[llvm] [ValueTracking] Do not use FMF from fcmp (PR #142266)
via llvm-commits
llvm-commits at lists.llvm.org
Sun Jun 1 09:36:38 PDT 2025
llvmbot wrote:
<!--LLVM PR SUMMARY COMMENT-->
@llvm/pr-subscribers-backend-aarch64
Author: Yingwei Zheng (dtcxzyw)
<details>
<summary>Changes</summary>
This patch introduces an FMF parameter for `matchDecomposedSelectPattern` to pass FMF flags from select, instead of fcmp.
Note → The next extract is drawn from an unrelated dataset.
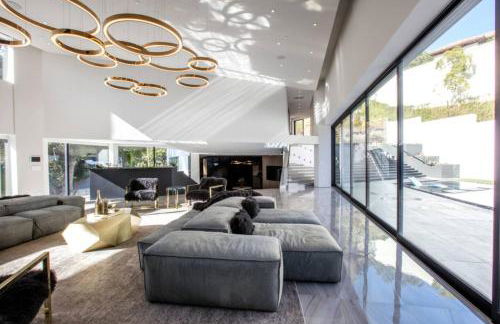 Beverly Hills Luxurious 4BR Villa with Pool and Views - Foto 21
Closes https://github.com/llvm/llvm-project/issues/137998.
Closes https://github.com/llvm/llvm-project/issues/141017.
---
Patch is 74.15 KiB, truncated to 20.00 KiB below, full version: https://github.com/llvm/llvm-project/pull/142266.diff
13 Files Affected:
- (modified) llvm/include/llvm/Analysis/ValueTracking.h (+2-1)
- (modified) llvm/lib/Analysis/ValueTracking.cpp (+7-6)
- (modified) llvm/test/CodeGen/AArch64/arm64-fmax-safe.ll (+19)
- (modified) llvm/test/CodeGen/AMDGPU/select-flags-to-fmin-fmax.ll (+62-76)
- (modified) llvm/test/CodeGen/ARM/fp16-vminmaxnm-safe.ll (+3-3)
- (modified) llvm/test/CodeGen/ARM/fp16-vminmaxnm-vector.ll (+32-32)
- (modified) llvm/test/CodeGen/ARM/fp16-vminmaxnm.ll (+44-44)
- (modified) llvm/test/CodeGen/ARM/vminmaxnm-safe.ll (+46-46)
- (modified) llvm/test/CodeGen/ARM/vminmaxnm.ll (+56-56)
- (modified) llvm/test/CodeGen/PowerPC/vec-min-max.ll (+4-4)
- (modified) llvm/test/Transforms/InstCombine/unordered-fcmp-select.ll (+25)
- (modified) llvm/test/Transforms/PhaseOrdering/AArch64/predicated-reduction.ll (+18-24)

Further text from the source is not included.